======== DATA PROVIDED

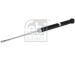 Tlumič pérování FEBI BILSTEIN 1002319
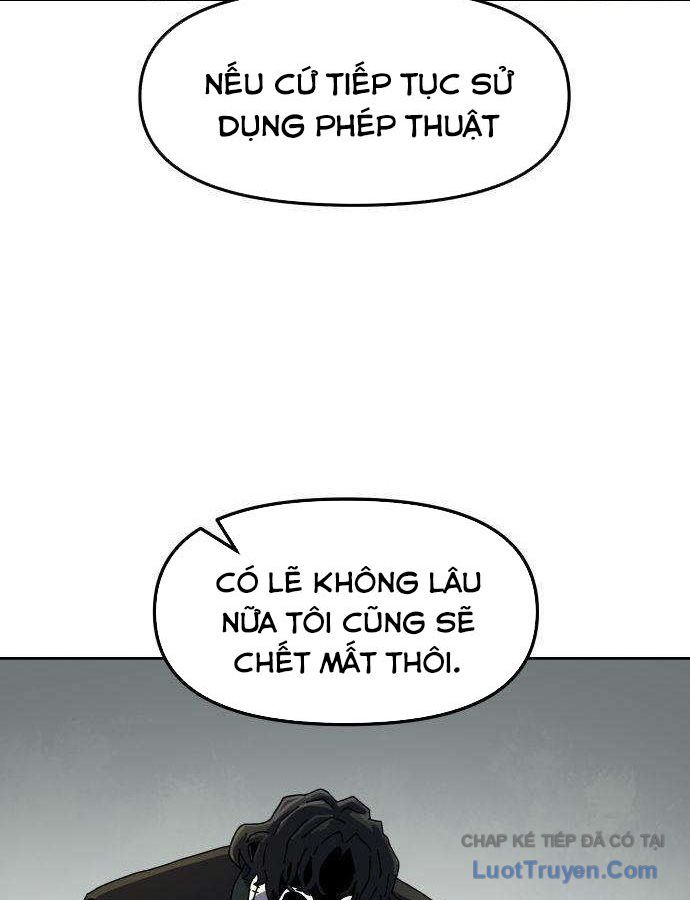 Chương Trình Giảng Dạy Đại Pháp Sư Chapter 4 - 92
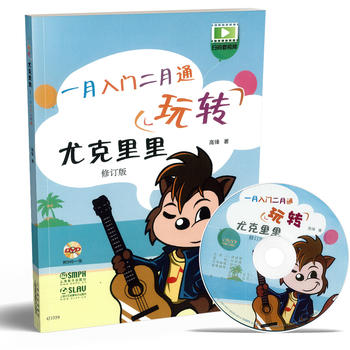  ���D(zhu��n)�ȿ�����:һ�����T(m��n)����ͨ����DVDһ����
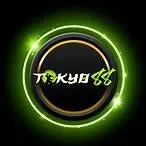 tokyo88 APK Terbaru: Download Cepat dan Gratis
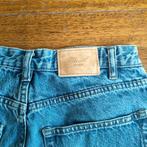 Skatebroek Reell baggy, Kleding | Heren, Reell, Blauw, Overige jeansmaten, Ophalen of Verzenden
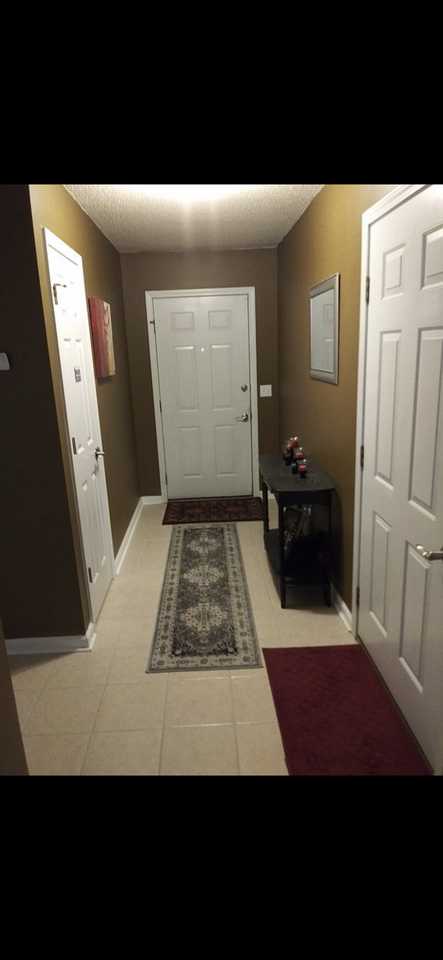 150 Radford Cir #NA - Photo 2 of 20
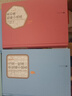 馬克吐溫中短篇小說(shuō)選+契訶夫短篇小說(shuō)選+莫泊桑短篇小說(shuō)選+歐亨利短篇小說(shuō)選 共4冊(cè)套裝短篇小說(shuō)集 人民文學(xué)出版社 名著 曬單實(shí)拍圖
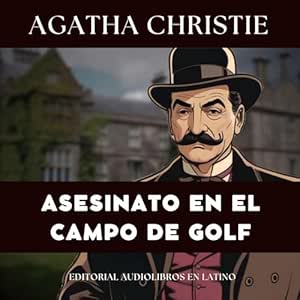 Asesinato-En-El-Campo-De-Golf-Audiolibro-Gratis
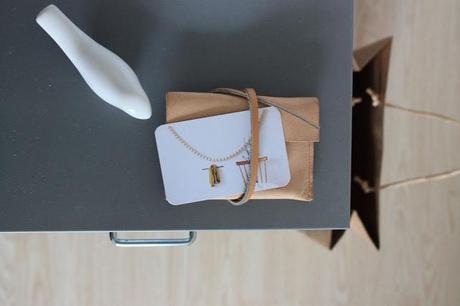 photo Sarah Dinckelphoto Sarah Dinckelphoto Sarah Dinckel...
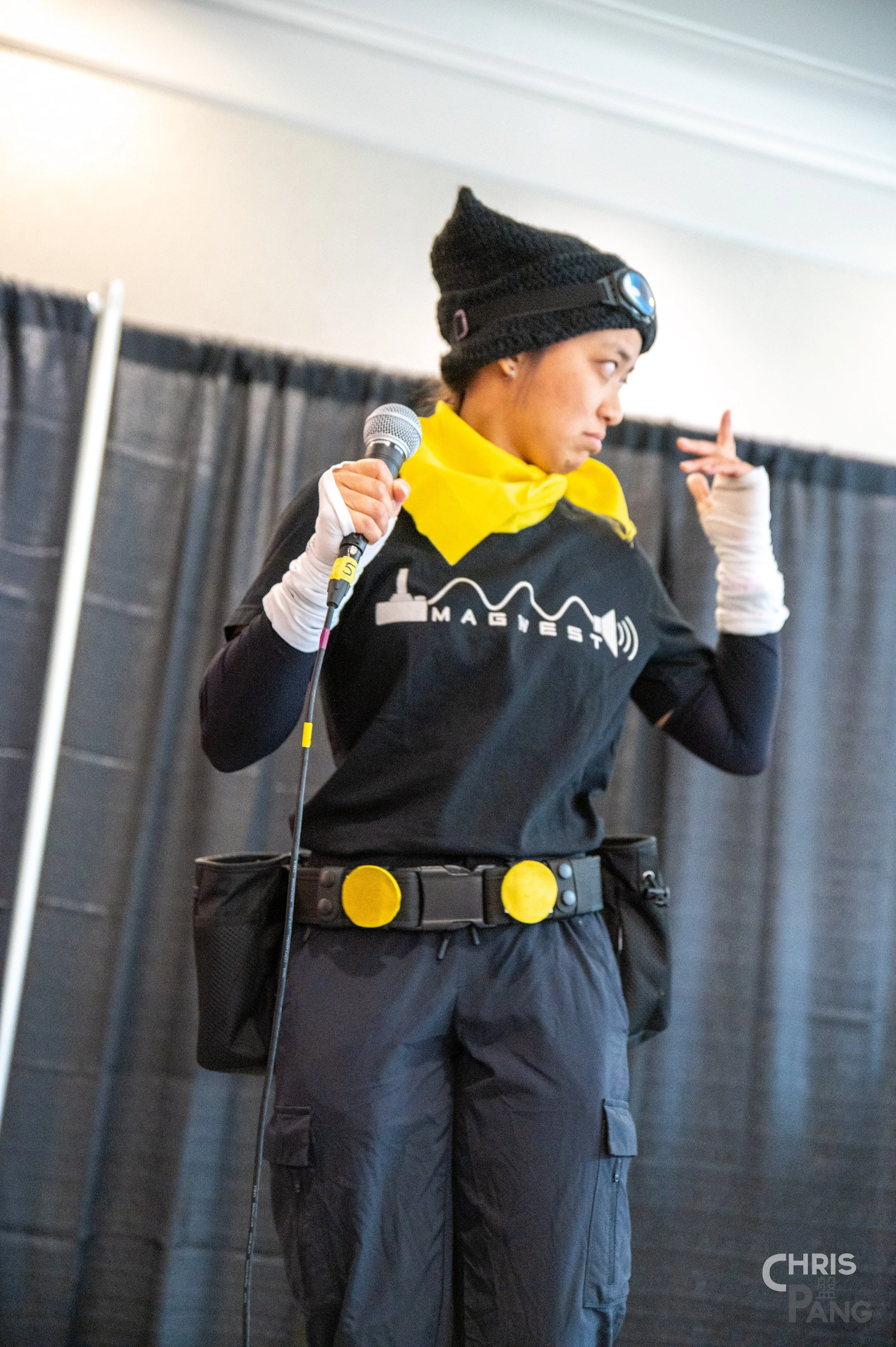 D2-Cosplay_Contest-ChrisP-5484.jpg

================

PROBLEM DESCRIPTION | All entries above should be returned exactly, apart from their pictures.

ANSWER SPACE |
 Tlumič pérování FEBI BILSTEIN 1002319
 Chương Trình Giảng Dạy Đại Pháp Sư Chapter 4 - 92
  ���D(zhu��n)�ȿ�����:һ�����T(m��n)����ͨ����DVDһ����
 tokyo88 APK Terbaru: Download Cepat dan Gratis
 Skatebroek Reell baggy, Kleding | Heren, Reell, Blauw, Overige jeansmaten, Ophalen of Verzenden
 150 Radford Cir #NA - Photo 2 of 20
 馬克吐溫中短篇小說(shuō)選+契訶夫短篇小說(shuō)選+莫泊桑短篇小說(shuō)選+歐亨利短篇小說(shuō)選 共4冊(cè)套裝短篇小說(shuō)集 人民文學(xué)出版社 名著 曬單實(shí)拍圖
 Asesinato-En-El-Campo-De-Golf-Audiolibro-Gratis
 photo Sarah Dinckelphoto Sarah Dinckelphoto Sarah Dinckel...
 D2-Cosplay_Contest-ChrisP-5484.jpg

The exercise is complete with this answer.